A Novel Quantitative MRI Tool for Diagnosing Alzheimer’s Disease

Who am I?

An academic lecturer and a 2nd year PhD candidate under the supervision of Dr. Noam Ben-Eliezer in the department of biomedical engineering at Tel-Aviv University.

My research is focused on the development of computational methods for studying neurodegenerative diseases with a specific focus on Alzheimer’s disease (AD). Specifically, I aim to develop advanced MRI-based tools to support clinicians in the detection and decision-making processes, and to allow reliable assessment of treatment-response. The developed tools will be based on advanced signal models and quantification of MRI relaxation times – a key contrast mechanism, relating directly to tissue viability and microstructural composition.

About the project:

Alzheimer’s disease (AD) is a leading cause of death and is the main cause of dementia worldwide. Amyloid plaques are the hallmark of AD, with Positron Emission Tomography (PET) being the gold-standard tool for assessing amyloid plaque load in AD patients. Notwithstanding its high sensitivity to plaque load, PET is inherently limited in spatial resolution (bounded to ~4 mm) and involves harming radiation.

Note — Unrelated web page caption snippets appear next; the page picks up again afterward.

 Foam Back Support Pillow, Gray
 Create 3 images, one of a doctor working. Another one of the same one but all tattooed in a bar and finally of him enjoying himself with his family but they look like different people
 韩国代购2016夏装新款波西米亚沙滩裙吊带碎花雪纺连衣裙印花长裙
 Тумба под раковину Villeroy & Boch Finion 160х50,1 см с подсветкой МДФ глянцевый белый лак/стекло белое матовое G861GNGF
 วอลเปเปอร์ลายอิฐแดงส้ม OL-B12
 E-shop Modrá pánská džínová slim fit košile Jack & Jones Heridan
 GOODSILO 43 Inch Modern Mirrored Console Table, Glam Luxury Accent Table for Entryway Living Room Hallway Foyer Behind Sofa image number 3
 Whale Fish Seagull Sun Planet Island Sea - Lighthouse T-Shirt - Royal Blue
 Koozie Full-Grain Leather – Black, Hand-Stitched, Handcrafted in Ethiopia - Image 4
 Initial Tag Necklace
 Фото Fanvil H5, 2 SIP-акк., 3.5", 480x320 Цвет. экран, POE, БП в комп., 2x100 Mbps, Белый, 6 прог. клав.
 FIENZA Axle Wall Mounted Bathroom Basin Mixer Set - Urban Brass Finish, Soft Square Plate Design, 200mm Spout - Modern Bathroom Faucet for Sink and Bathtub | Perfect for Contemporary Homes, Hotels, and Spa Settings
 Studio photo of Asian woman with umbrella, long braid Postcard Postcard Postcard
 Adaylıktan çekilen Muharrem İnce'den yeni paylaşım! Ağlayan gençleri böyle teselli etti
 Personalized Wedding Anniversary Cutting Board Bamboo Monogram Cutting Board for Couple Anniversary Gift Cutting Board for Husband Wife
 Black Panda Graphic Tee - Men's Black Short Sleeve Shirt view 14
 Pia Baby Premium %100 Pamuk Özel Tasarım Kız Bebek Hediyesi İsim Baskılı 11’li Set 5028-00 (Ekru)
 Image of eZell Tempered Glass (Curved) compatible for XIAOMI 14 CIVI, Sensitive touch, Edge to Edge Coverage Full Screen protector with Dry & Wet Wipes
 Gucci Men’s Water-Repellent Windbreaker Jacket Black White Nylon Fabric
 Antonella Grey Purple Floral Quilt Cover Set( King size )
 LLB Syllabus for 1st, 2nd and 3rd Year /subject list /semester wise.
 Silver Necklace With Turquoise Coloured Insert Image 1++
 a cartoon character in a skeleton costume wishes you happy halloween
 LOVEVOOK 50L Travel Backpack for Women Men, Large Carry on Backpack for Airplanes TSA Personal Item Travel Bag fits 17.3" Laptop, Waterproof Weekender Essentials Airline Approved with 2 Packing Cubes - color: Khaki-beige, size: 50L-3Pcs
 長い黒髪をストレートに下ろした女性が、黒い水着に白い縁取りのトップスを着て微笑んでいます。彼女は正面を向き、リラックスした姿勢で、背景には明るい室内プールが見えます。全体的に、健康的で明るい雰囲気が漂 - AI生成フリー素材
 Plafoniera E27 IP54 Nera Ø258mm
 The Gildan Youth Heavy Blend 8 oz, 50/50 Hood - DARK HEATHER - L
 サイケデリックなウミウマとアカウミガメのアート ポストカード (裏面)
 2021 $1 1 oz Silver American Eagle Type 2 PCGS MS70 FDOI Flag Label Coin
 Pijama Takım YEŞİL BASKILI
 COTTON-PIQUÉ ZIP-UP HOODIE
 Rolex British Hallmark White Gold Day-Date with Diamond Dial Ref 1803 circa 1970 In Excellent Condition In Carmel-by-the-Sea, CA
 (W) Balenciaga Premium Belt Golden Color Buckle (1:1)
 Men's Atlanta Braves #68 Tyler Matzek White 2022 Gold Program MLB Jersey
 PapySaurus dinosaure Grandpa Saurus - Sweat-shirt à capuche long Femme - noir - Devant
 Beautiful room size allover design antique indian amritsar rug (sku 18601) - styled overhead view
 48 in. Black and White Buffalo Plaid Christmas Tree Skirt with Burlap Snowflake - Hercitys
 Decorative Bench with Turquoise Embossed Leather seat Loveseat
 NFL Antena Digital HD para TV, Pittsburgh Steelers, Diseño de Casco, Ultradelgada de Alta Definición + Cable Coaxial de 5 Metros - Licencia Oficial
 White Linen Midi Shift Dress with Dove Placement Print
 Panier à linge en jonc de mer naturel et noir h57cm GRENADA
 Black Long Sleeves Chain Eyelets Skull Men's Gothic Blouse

Quantitative MRI (qMRI) is a new, highly sensitive approach, allowing to quantify clinical microscopic neurodegenerative processes including amyloid deposits in an accurate and reproducible manner. In our project we intend to harness qMRI to establish a non-ionizing MRI tool that would replace Amyloid PET scans for diagnosing AD.

To study the relationship between MRI signal and amyloid deposits we will extract quantitative parametric maps of imaging parameters that are typically used to generate qualitative contrast in MR images and integrate new capabilities for analyzing MRI signal at a sub-voxel level to study tissue microstructure. Based on the gained knowledge we will design an open access, online, cross-vendor interface for human studies involving AD patients.